Let's start with GM: they lost less money due to a combination of expense cuts and a small growth in the number of cars sold. A lot of companies can cut their way to profitability, but GM doesn't have that option as their union contracts limit GM management's ability to keep cutting. Thus, GM profitability is likely to depend on GM selling a lot more cars than it is now.

And that is going to be tough to do. With economies down across the globe, growth in one area will likely be offset with declines elsewhere. Other car companies are going to be competing for the customers that exist. And GM's customer base is going to take a hit due to boycotts over GM getting a bailout and GM slashing brands and dealerships. Add to that GM having a bad reputation in terms of product quality and I don't see where the growth is going to come from that GM needs to be profitable.

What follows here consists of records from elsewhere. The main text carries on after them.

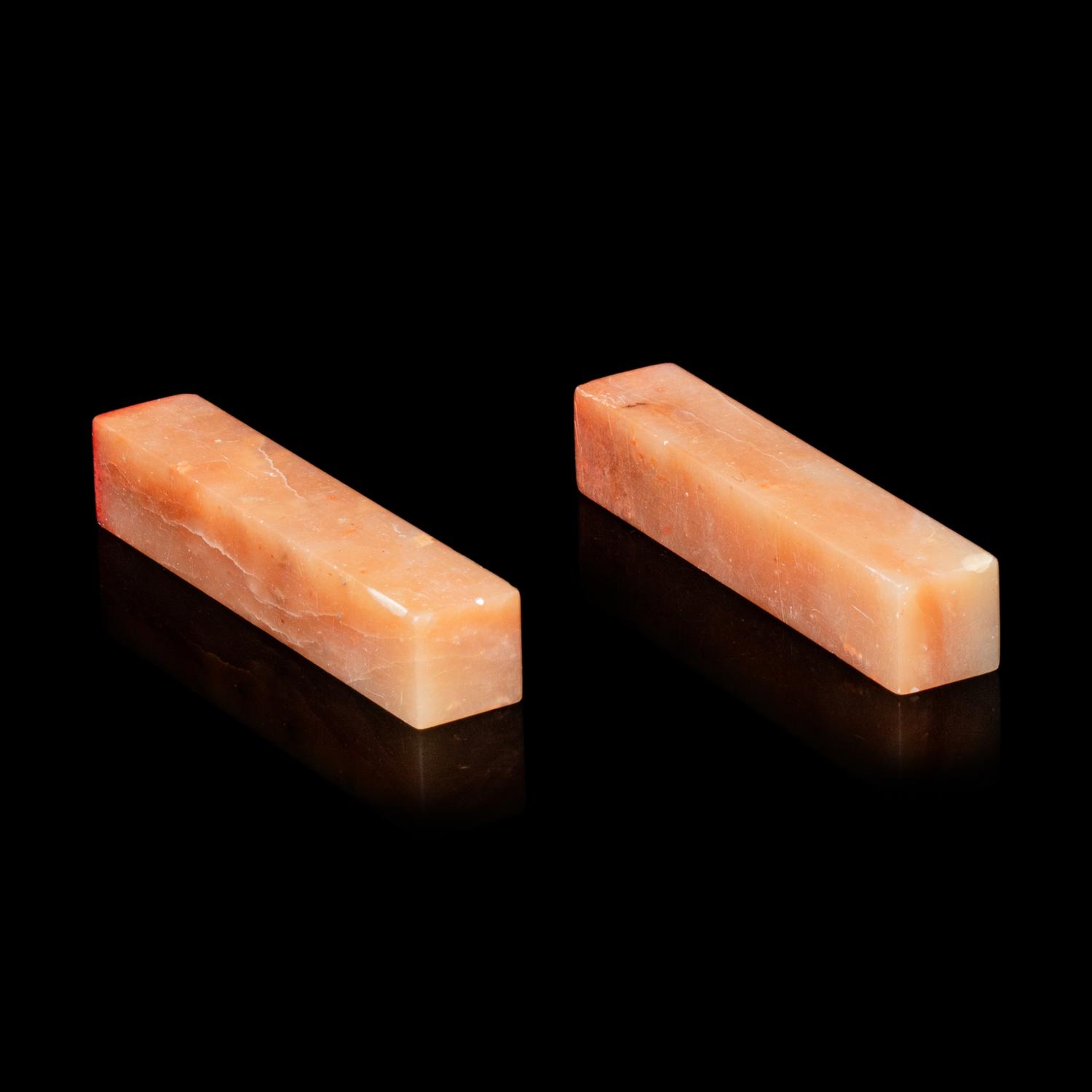 Two Chinese Soapstone Seals of Wang Xiwen (Wang Yiling, 1881-1955 ) 王錫文（王毅靈）閑章兩方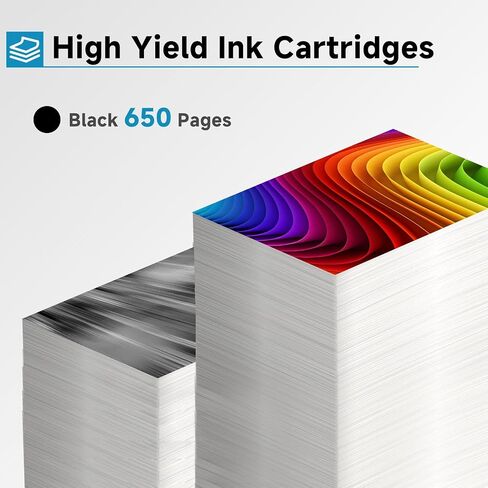 64XL Black Ink Cartridges Replacement for HP 64 XL HP64XL HP64 2-Pack in Kuwait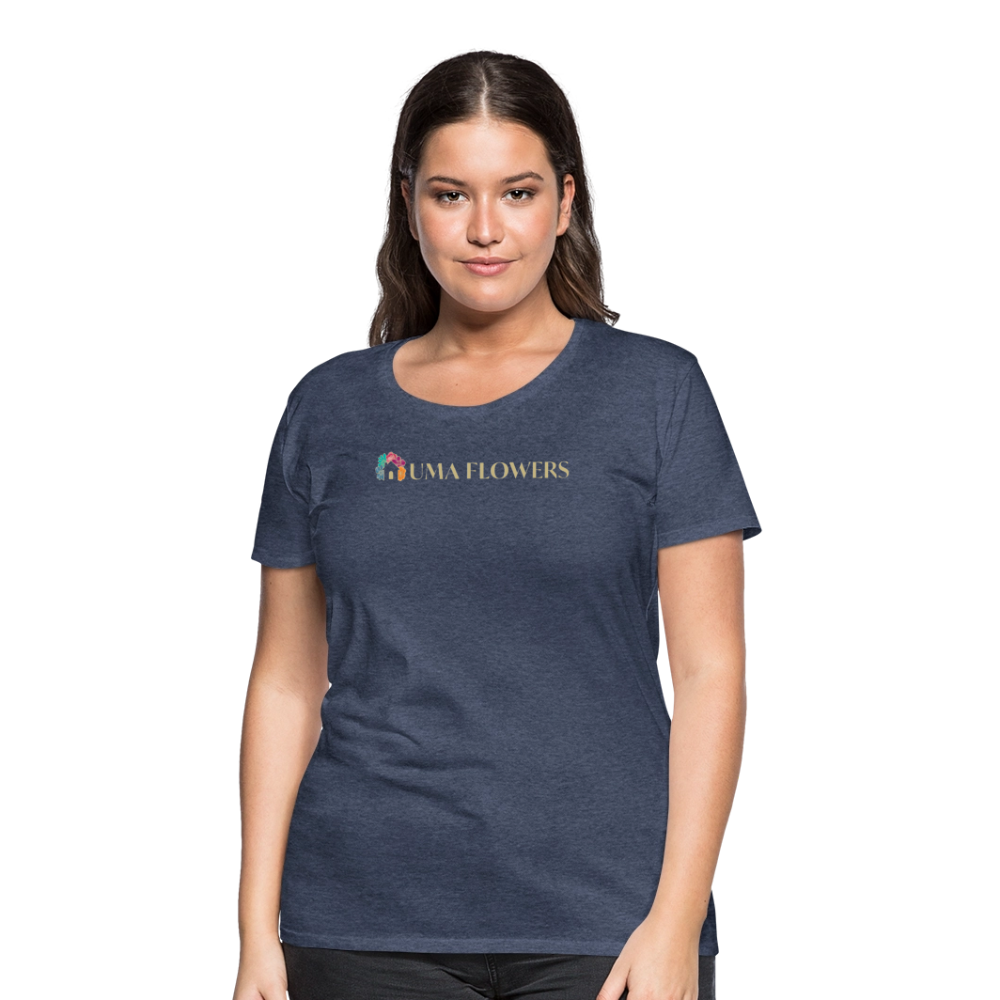 UMA FLOWERS Women’s Premium T-Shirt - heather blue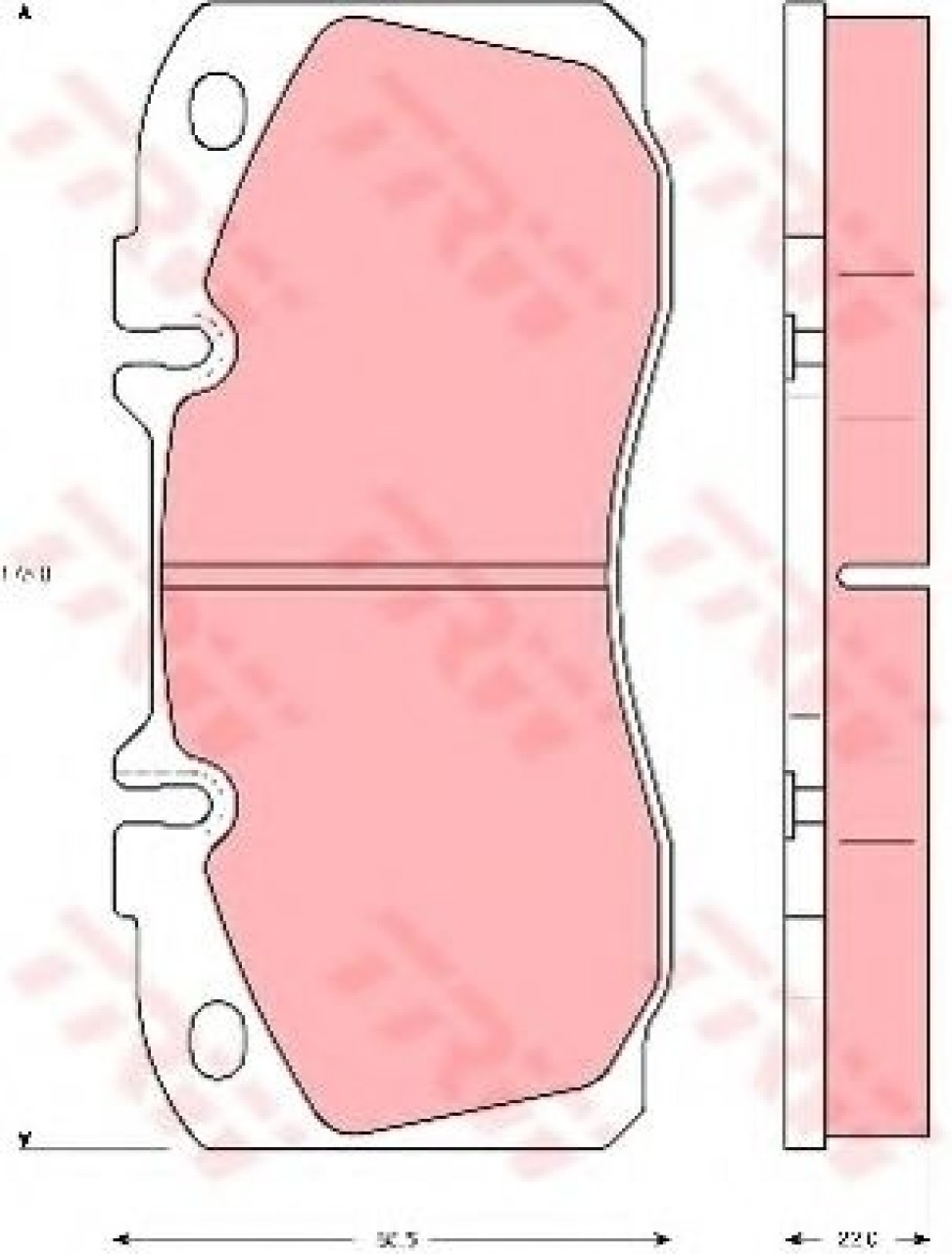 Set placute frana,frana disc IVECO DAILY IV platou / sasiu (2006 - 2011) TRW GDB5068 piesa NOUA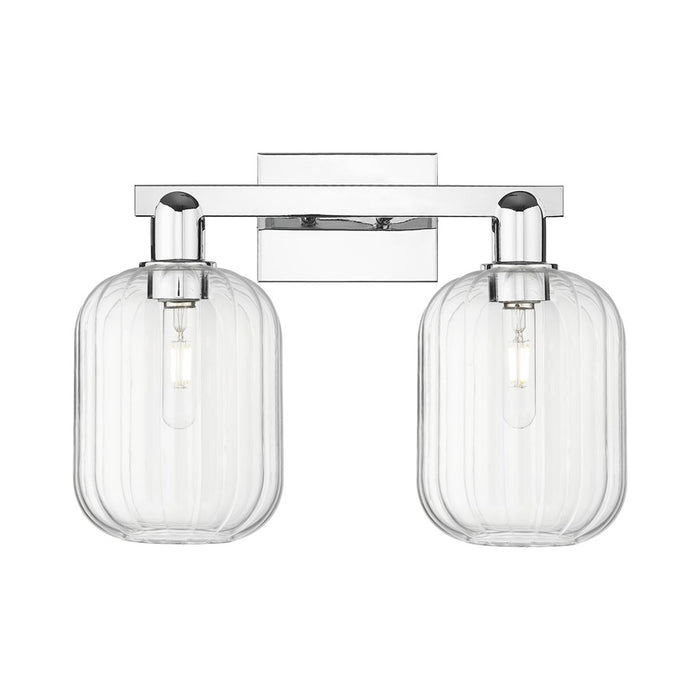 Innovations Preston 2Lt 16" Jar Bath Light, Chrome/Clear - 716-2W-PC-G460-7CL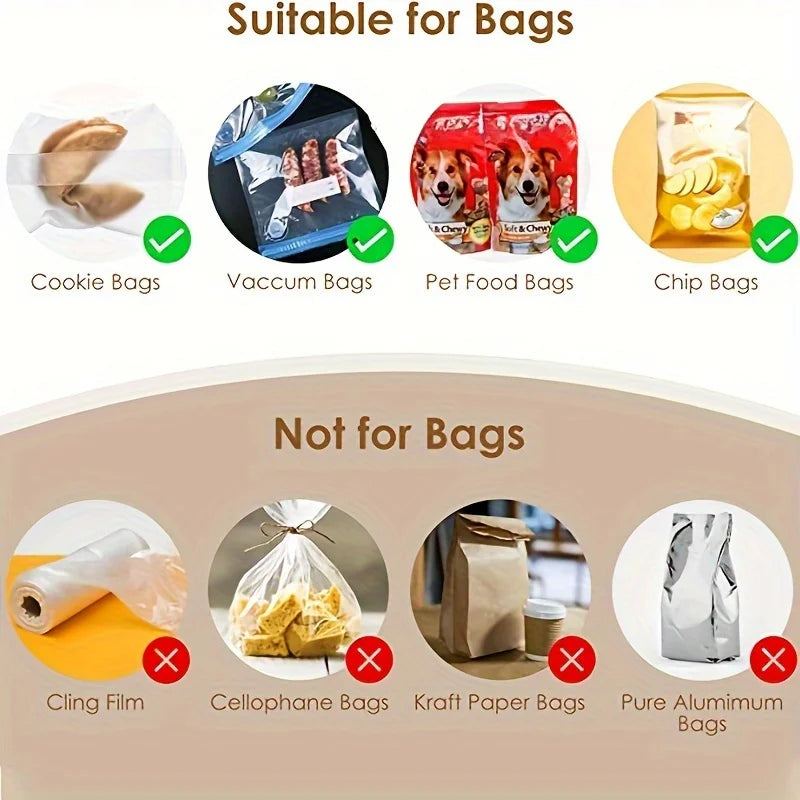 Mini zgrzewarka do torebek, przenośny klips do torebek plastikowych, maszyna do zgrzewania żywności, zgrzewarka do przekąsek, gadżety kuchenne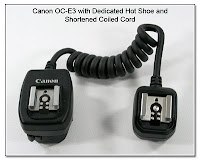 OC1016b: Canon OC-E3 with Dedicated Hot Shoe and Shortened Coiled Cord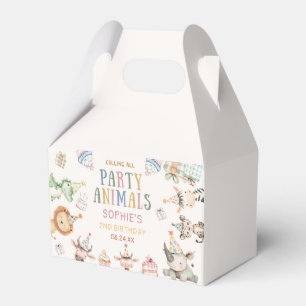 Calling All Party Animals Safari Zoo Birthday Favor Boxes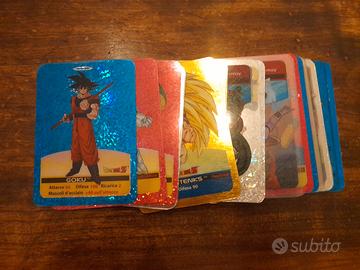 Lotto carte Dragonball Z lamincards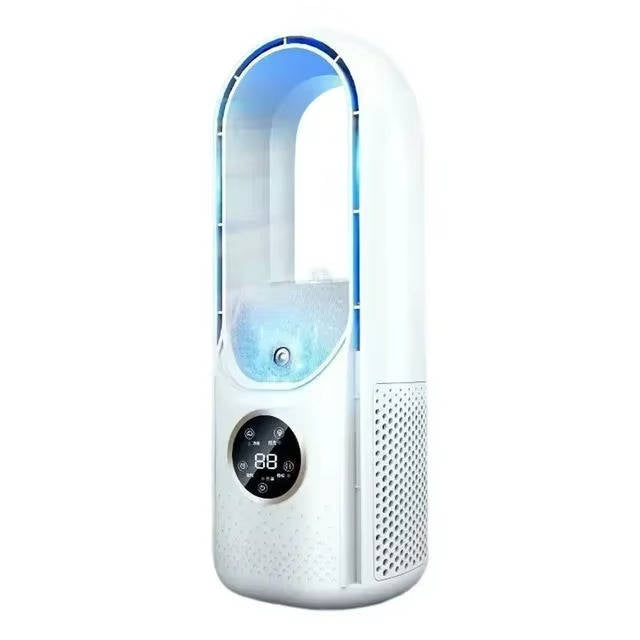Portable AC Air Conditioner Cooler Fan with Humidifier & Purifier, DC Brushless Motor, Smart Timer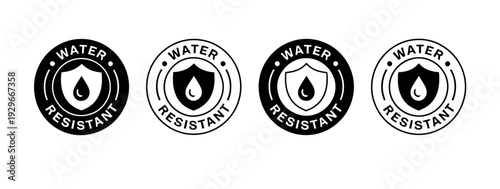 Water Resistant Logo Set Designs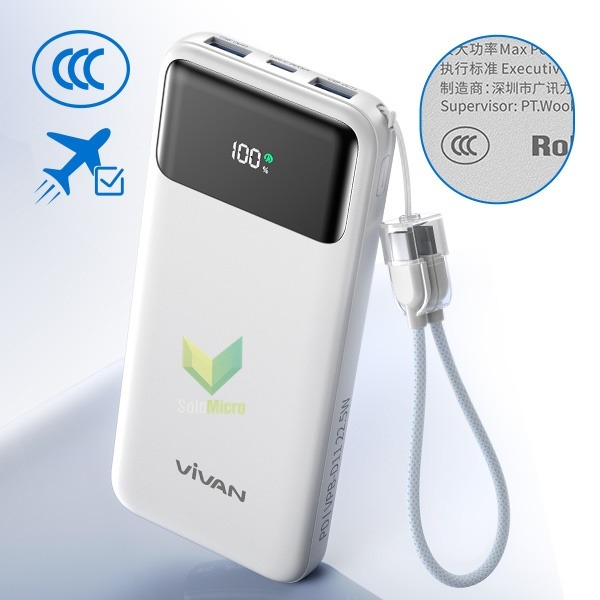 VIVAN Powerbank VPB-D11 10000mAh / 20000mAh Fast Charging 22.5W CCC Certified dengan Sertifikasi CCC dan Micro USB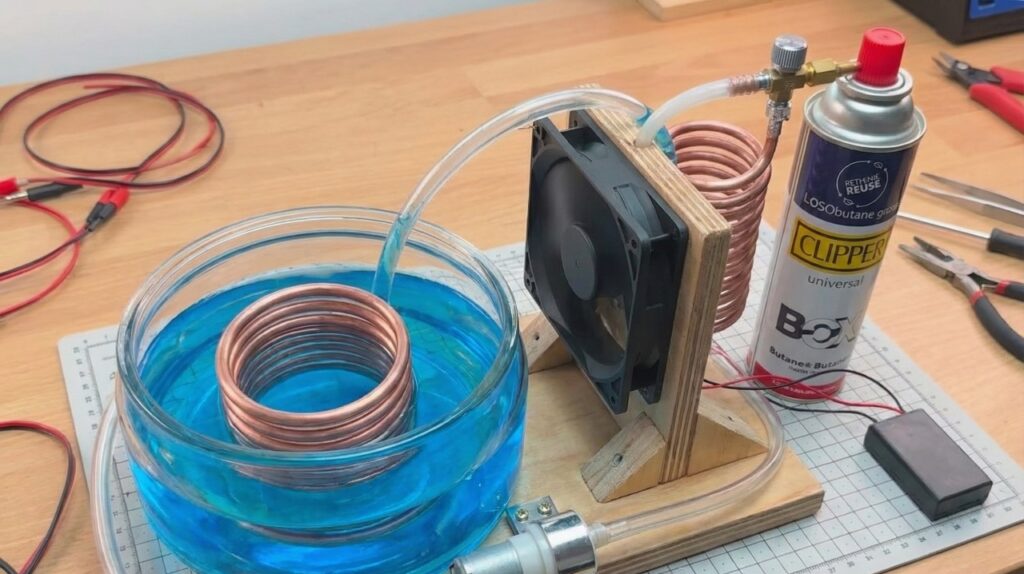 Esse projeto com ventilador e isobutano esfria até -10 °C e é tão simples que você vai querer montar um ainda hoje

As for the economy, getting businesses to step back from the ledge and stop cutting jobs is one thing. But it is a different game altogether to get businesses optimistic enough to go out and start hiring... and hiring is what drives economic growth over the long term.

And what is the prognosis for businesses starting to feel so good about the future that they're going to start hiring? Not good in my mind. The health care reform battle scares businesses, they don't know the extent to which they'll be forced to spend more on their employee's health care... so why hire anyone new until things get sorted out? They also don't see a business friendly Washington, they feel Washington is more likely to pass additional business-unfriendly regulations and tax hikes than anything they feel would be considered pro-growth. They see stimulus money going to state and local governments and not the private sector. They see a White House whose most frequent visitor was a labor leader who wants to make it even easier to organize unions at union-free businesses.

So my guess is that GM is nowhere near becoming long-term profitable... and the economy is nowhere near growing again. Reductions in losses are nice... but they're not growth... and I don't see the foundation for real positive news on either front.